Postscript: How Vajpayee Escaped the “Pakistan Trap”
If anyone in the BJP should have been ensnared by the same Pakistan-centred blowback that crippled Advani, it was Atal Bihari Vajpayee—because he tested the peace track more boldly, more publicly, and earlier. He rode the Delhi–Lahore bus on 19 February 1999, putting his personal authority behind a thaw and signalling that a statesman’s reach could exceed a party’s reflexes.
What followed was the cruelest possible reversal. Within months came the Kargil ingression—an infiltration across the Line of Control into high-altitude positions that gave Pakistan’s forces an initial, illicit advantage on the commanding heights. India paid a heavy price to dislodge them and regain those peaks—an effort measured not merely in operational difficulty but in lives lost in some of the most punishing terrain and conditions in modern warfare.
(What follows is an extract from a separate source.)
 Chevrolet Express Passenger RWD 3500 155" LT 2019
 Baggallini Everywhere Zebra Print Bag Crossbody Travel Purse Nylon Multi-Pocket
When the fighting ended on 26 July 1999, the political story that emerged was “victory”—Kargil Vijay Diwas. It was astute repackaging, because in a strict territorial sense India did not capture new ground; it reclaimed territory and positions it had held before the infiltration. Yet the reclamation itself, given the cost and complexity, was worthy of national pride—and Vajpayee understood that the country needed a language of honour, not a vocabulary of technicalities.
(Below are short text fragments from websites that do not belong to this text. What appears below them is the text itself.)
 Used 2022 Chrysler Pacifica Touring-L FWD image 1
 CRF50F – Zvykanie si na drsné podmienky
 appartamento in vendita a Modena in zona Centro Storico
In a sense, Kargil also rescued Vajpayee from the charge of naïveté that Lahore might otherwise have attracted. A peace initiative betrayed so starkly can either destroy a leader or sanctify him, depending on how the subsequent national response is framed. Vajpayee’s posture—firm in conflict, dignified in intent—allowed him to keep the moral high ground while the armed forces earned the operational one.
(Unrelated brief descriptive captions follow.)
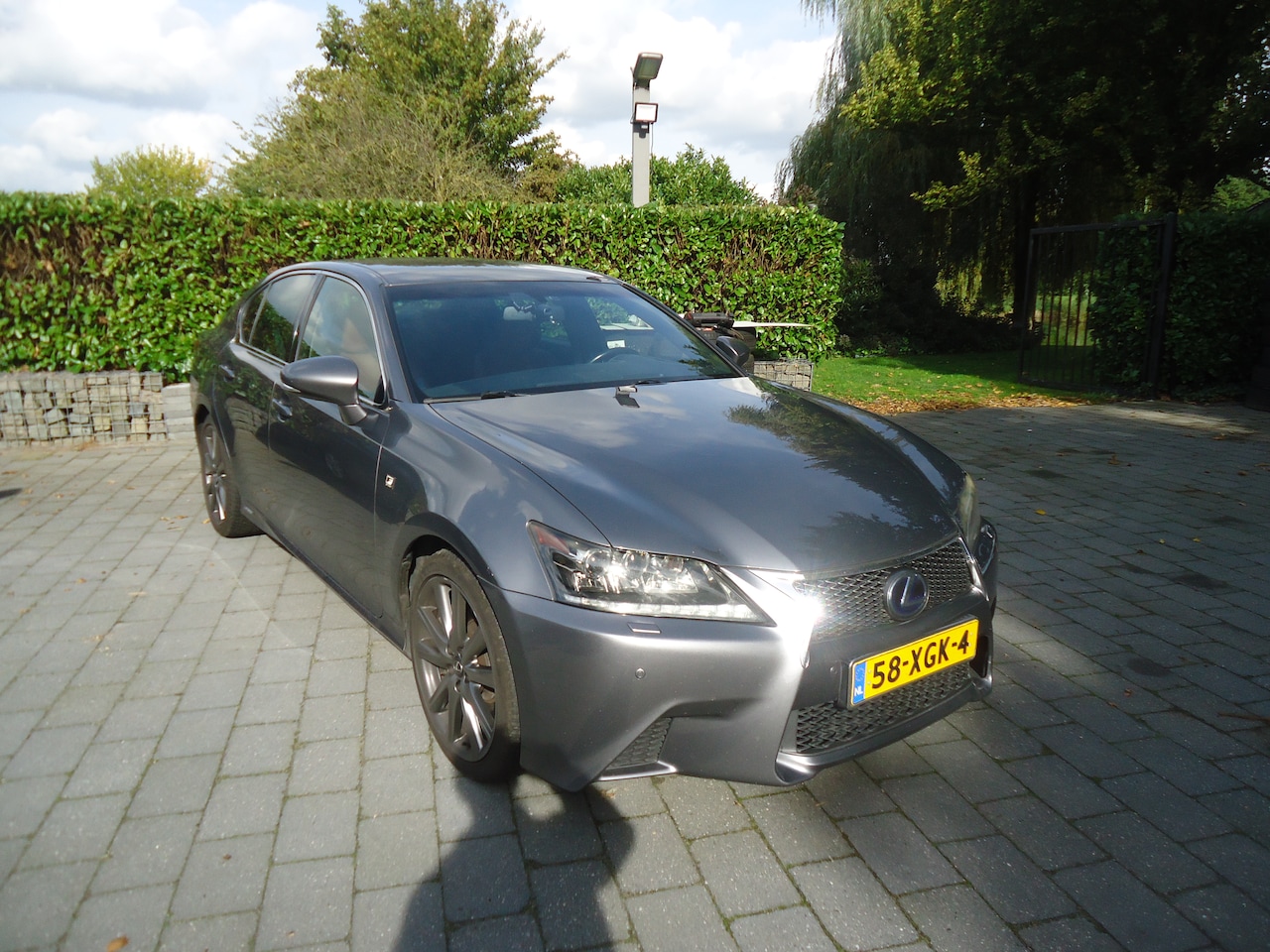 Lexus GS - 450h F Sport Line mark levinson en car play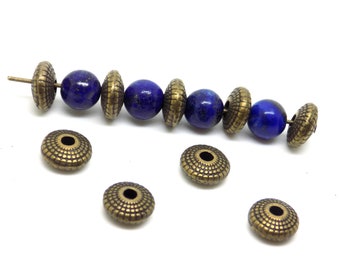 Runde Zwischenperlen, verziert, tibetischer Stil, bronzefarben, 8 mm Durchmesser, 10er-Packung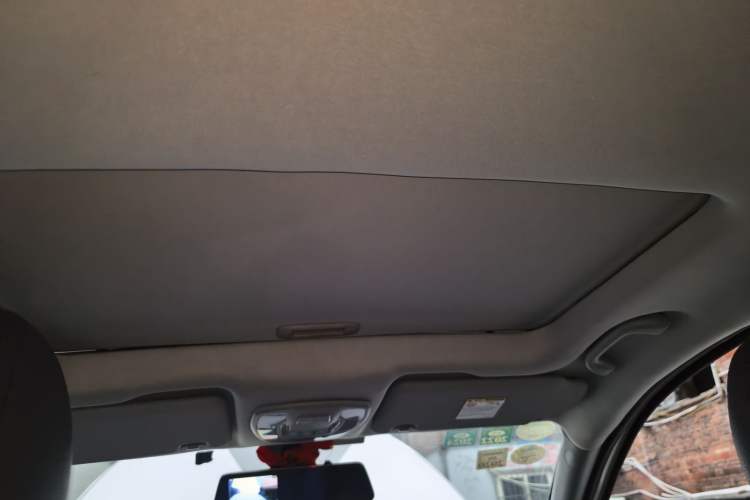 Used BAIC Senova X65 2015 2.0T automatic comfort version Headliner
His next brush with the same peril came with the Agra Summit in July 2001. It collapsed without a joint declaration, and that failure—ironically—helped protect him domestically. Had the summit produced an agreement visibly shaped by concessions, it might have become a noose in the ideological arena, especially in a party ecosystem where “softness” towards Pakistan can be weaponised as betrayal. But history unfolded differently: Agra failed, and therefore no “sell-out” narrative could attach itself to Vajpayee in the way it attached itself to others for far less.
That is the core reason Vajpayee survived the Pakistan machinations that damaged so many careers. Lahore established intent; Kargil demonstrated resolve; Agra avoided the optics of concession. He carried the burdens of outreach, betrayal, and war—yet remained a BJP icon even after the unexpected loss in the 2004 general elections. He retained that stature until his death on 16 August 2018, a rare case of a leader whose Pakistan gambits did not become a crucifixion, but instead were absorbed into a legacy of measured statesmanship and national fortitude.